I can almost bet that you already have what it takes to get started creating your own salad dressings. Do you have a jar? Any old empty jam jar or salad dressing bottle will do. That and a few basic pantry items, and you are set to go. But just as in the fashion world, there are a few simple rules of thumb in regard to making salad dressing.
In general, begin with this proportion:
  • One part acid to three parts oil. If you are working to reduce fat in your diet, you can move toward equalizing the percentages here. Be warned: You will end up with a twangy, puckery dressing. My preference is to keep to the original proportions and just use it in moderation.
Even with these two foundational components, the sky's the limit. Imagine all the varieties of liquid acids:
  • Vinegar- there are zillions of kinds (balsamic, sherry, cider, rice wine, pomegranate, fruit flavored, white wine and red wine, etc.)
  • Lemon juice
  • Orange juice
  • Lime juice
  • Verjus
  • Buttermilk (you may think of this as creamy, and it is, but with a fairly high level of acidity)
As an aside, when My Baby and I combined households our "blended pantry" contained 17 various vinegars. I'm happy to report that we've edited our vinegar wardrobe down to a mere 14 kinds.

Now imagine all the kinds of oils:
  • Extra virgin olive oil
  • Vegetable oil
  • Nut and seed oils (walnut, flax, hazelnut, peanut, sesame, etc.)

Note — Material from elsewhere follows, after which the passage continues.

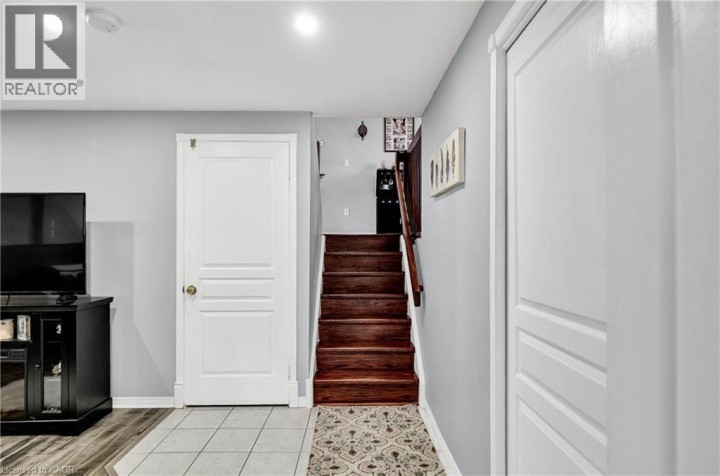 Photo 26 at 52 Dawn Crescent, Cambridge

  • Clarified butter (don't snicker... it can be delicious on the right salad)
Go ahead and eyeball it in your jar. Do you have about 1/4 part acid to 3/4 parts oil? No measuring is necessary... you'll easily be able to tell by looking. Leave enough room for a good, vigorous shake, and simplify cleanup by eliminating a mixing bowl and whisk. With those building blocks in place, now you get to be an artist. As you think about the rest of your meal, add as many or as few of these other ingredients as inspiration calls for:

An emulsifier is nice to create a homogenous blend, add a lush mouthfeel and to add flavor:
  • Mustard (grainy, dijon, honey mustard, yellow, brown, etc.), a teaspoonful per jar
  • Egg (read this for current food safety information regarding raw egg)
  • Cheeses, ground or grated
  • Nut butters (peanut, almond, etc.), a well-stirred spoonful... stir first or it will take forever to combine with the oil and vinegar
Other herbs and flavorings round things out and add zip and personality. Add up to a tablespoon of any of these, alone or in combination:
  • Any fresh herb, chopped finely
  • Any dried herb or spice, crushed or ground
  • Shallot, finely minced
  • Garlic, pressed or minced
  • Soy sauce, a teaspoon or less
  • Anchovies, chopped fine or large
  • Worcestershire sauce, a few drops
  • Finely minced or crushed fruit (cherries, raspberries, strawberries, etc.)
  • Citrus zest (lemon, lime, orange, grapefruit, etc.)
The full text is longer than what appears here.